到底是生活改变了她们,还是她们背叛了生活?

他说不清,徒有一声叹息。

审讯室里,伊辉又问:“那顾楠楠呢?怎么死的?”

“你是个聪明人,猜得一点儿都没错!”沈沛溪把伊辉的推演,概括成一个“猜”字,“楠楠是我害死的。那是我突然想到的主意,把楠楠拉下水,让她走上我们的老路,等她再也无法回头的时候,我就把实情告诉蓝媚。她待楠楠如同亲妹妹。
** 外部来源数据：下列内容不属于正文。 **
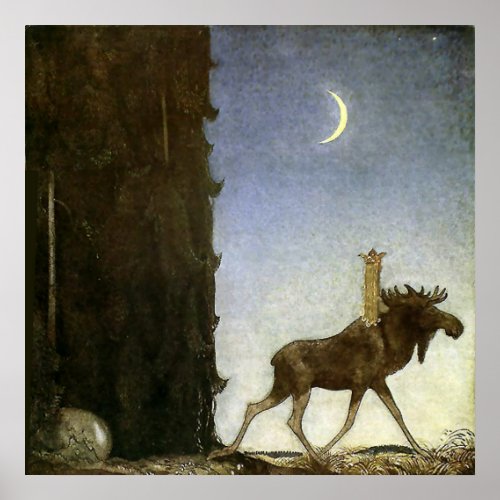 Leap the Elk Watercolor by John Bauer Poster
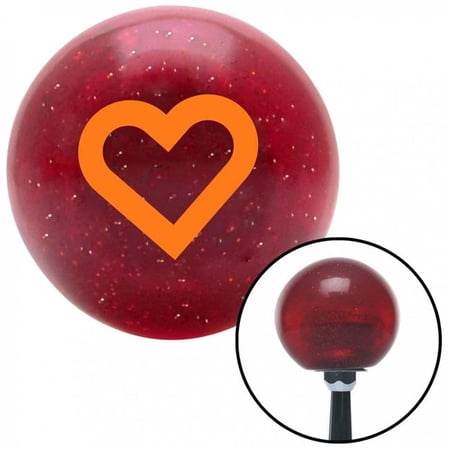 American Shifter 50909 Orange Fat Outlined Heart Red Metal Flake Shift Knob with M16 x 1.5 Insert Shifter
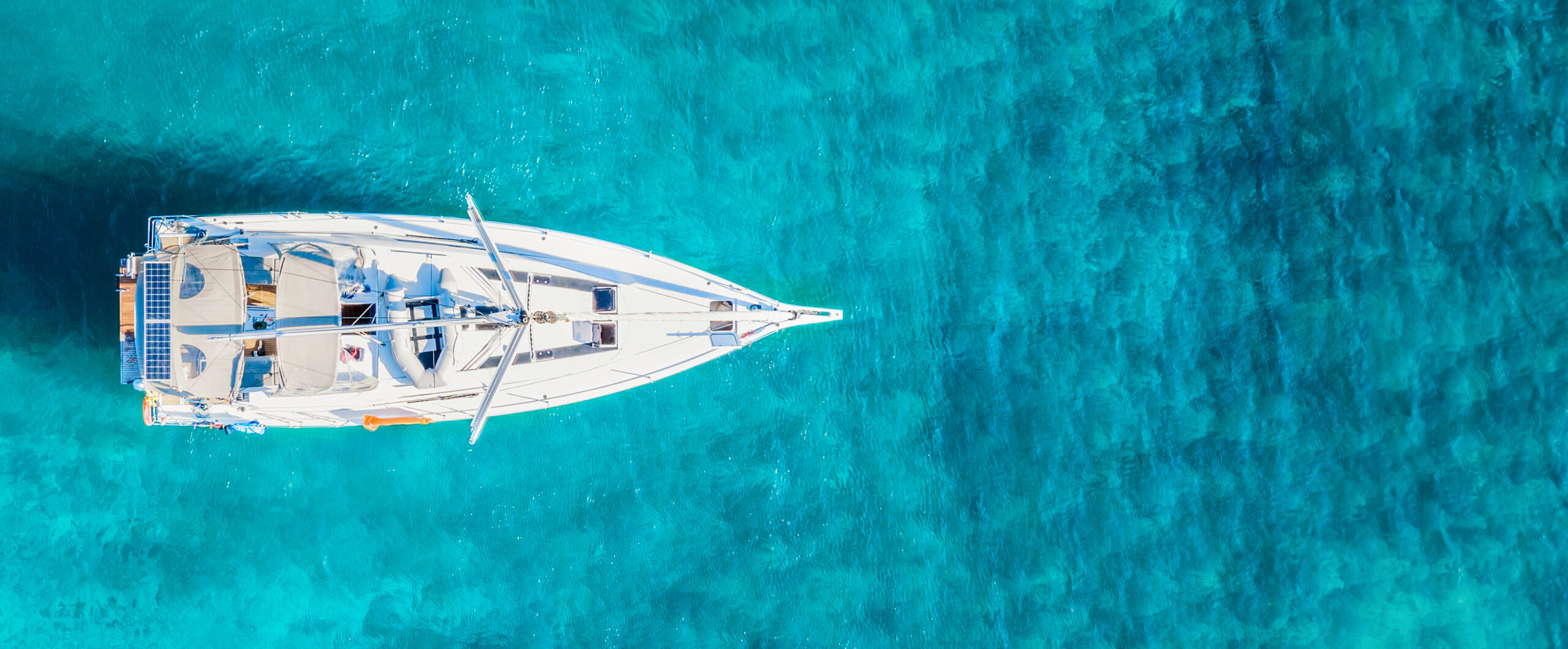 RYA course Greece - Anchored in clear waters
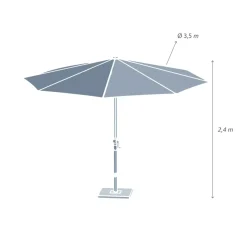 Ombrellone rotondo alluminio (D3,5 cm) Yucutan Grigio e grigio antracite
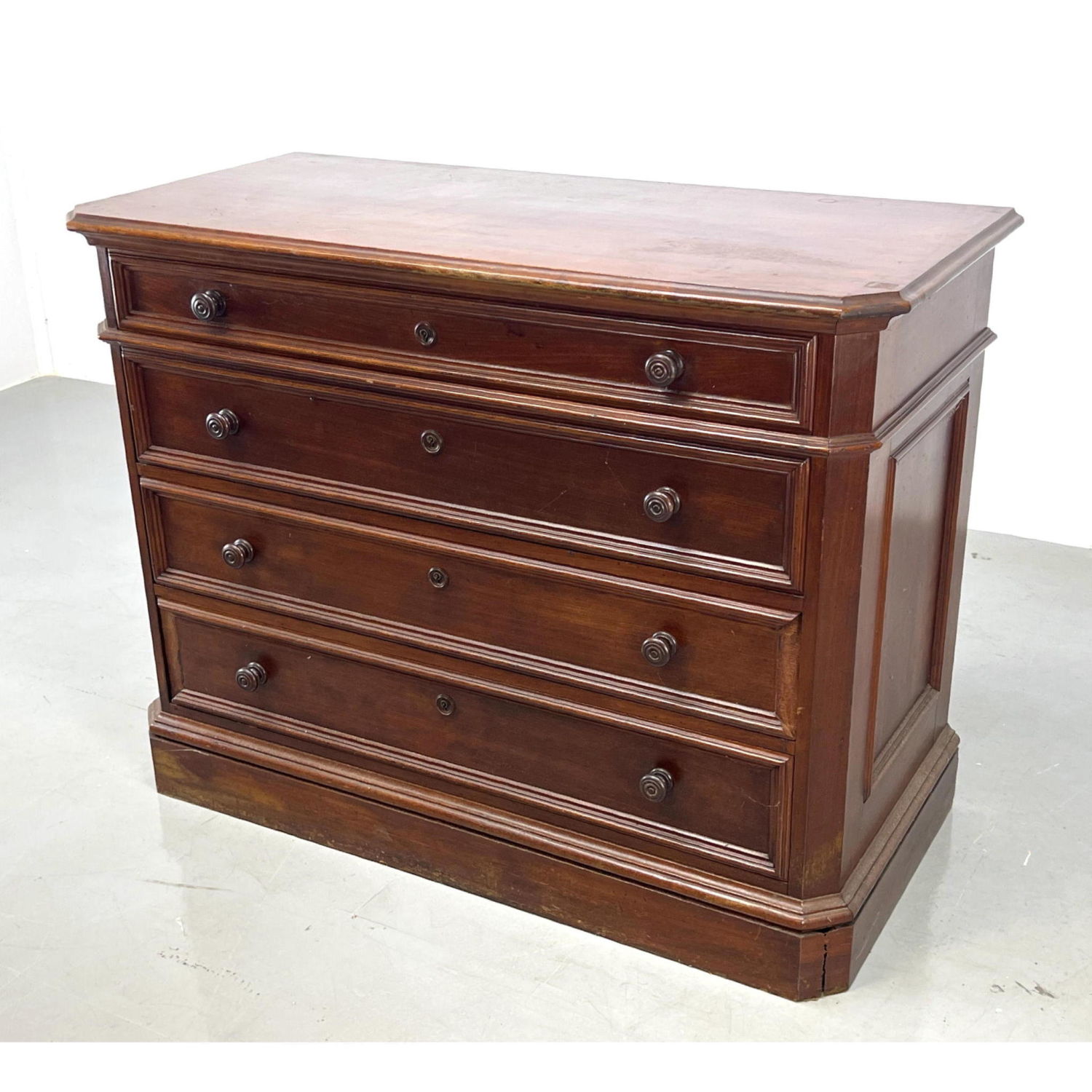 Vintage Walnut Four Drawer Dresser 2b9293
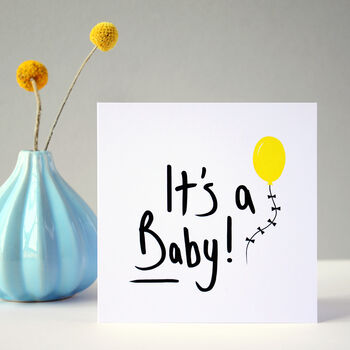 New Baby Card Blue Balloon, 3 of 10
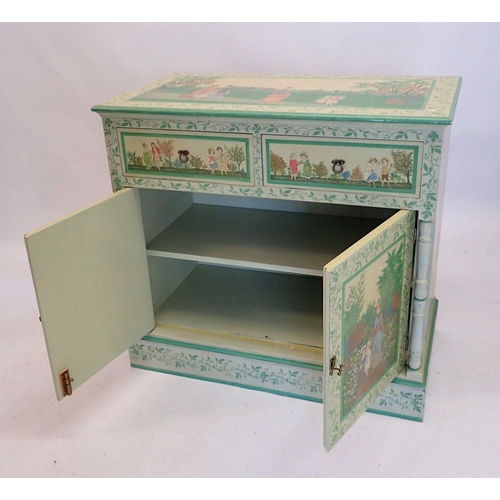 1320 - A modern cupboard painted with fin-de-siecle scenes, signed J Cooper, 84 x 45 x 78cm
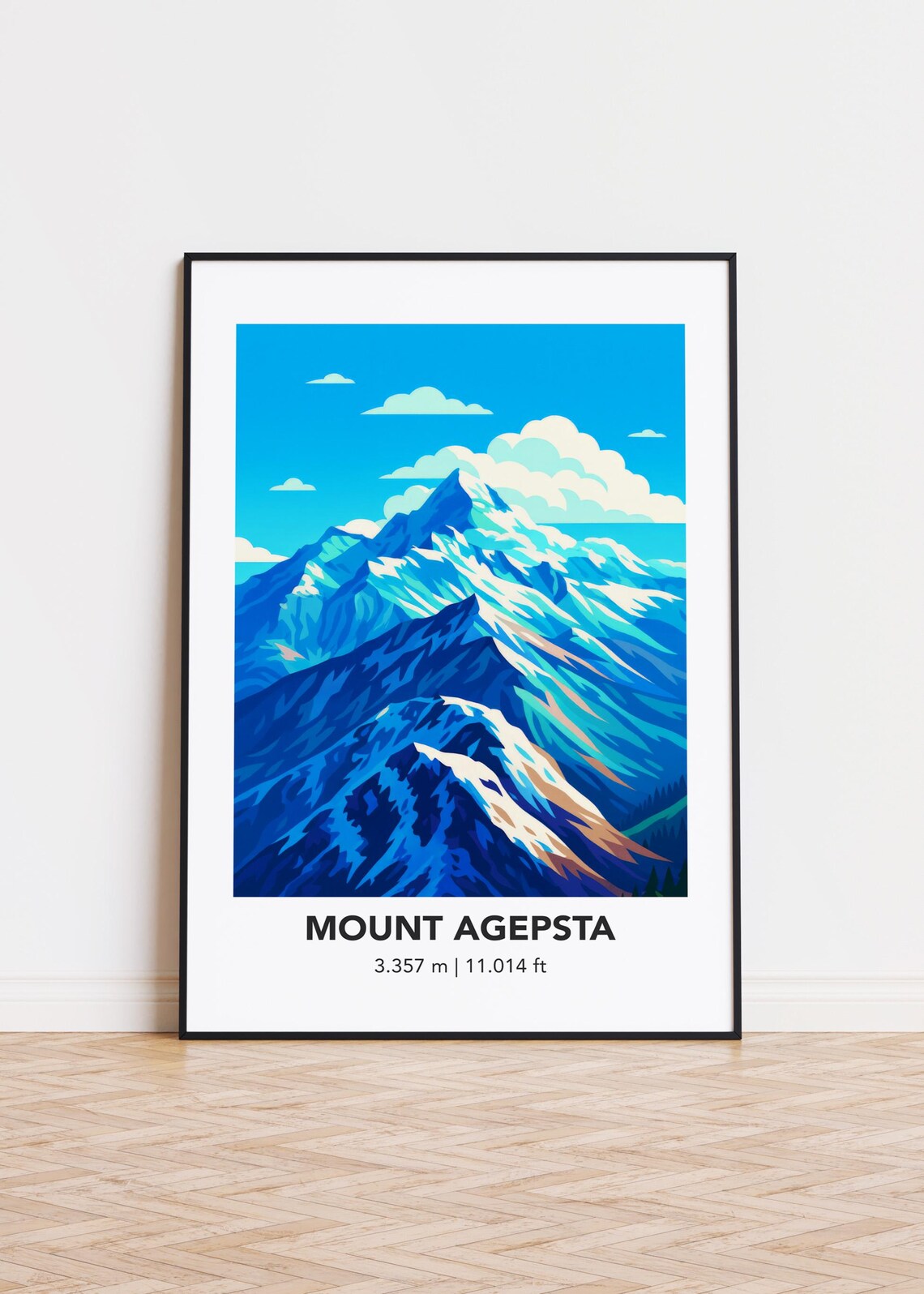 Mount Agepsta Poster Print, Mountain Illustration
到时候,你说她会不会被气死?这个主意刚蹦出来时,我开心得要命!我明白一个道理,一个人内心的痛苦,远远大过身体的痛苦!我就是要让她痛苦一辈子!唉……可惜那孩子想不开,我完全没想到……我心里实在太……楠楠那样做,把我对蓝媚的报复,统统带走了!那真的……真的不是我想要的结果!”

“果然没错!”隔壁的雷家明,狠狠地捅了墙壁一拳。

“你怎么劝说顾楠楠下水?”

“唉!其实几句话就行了……”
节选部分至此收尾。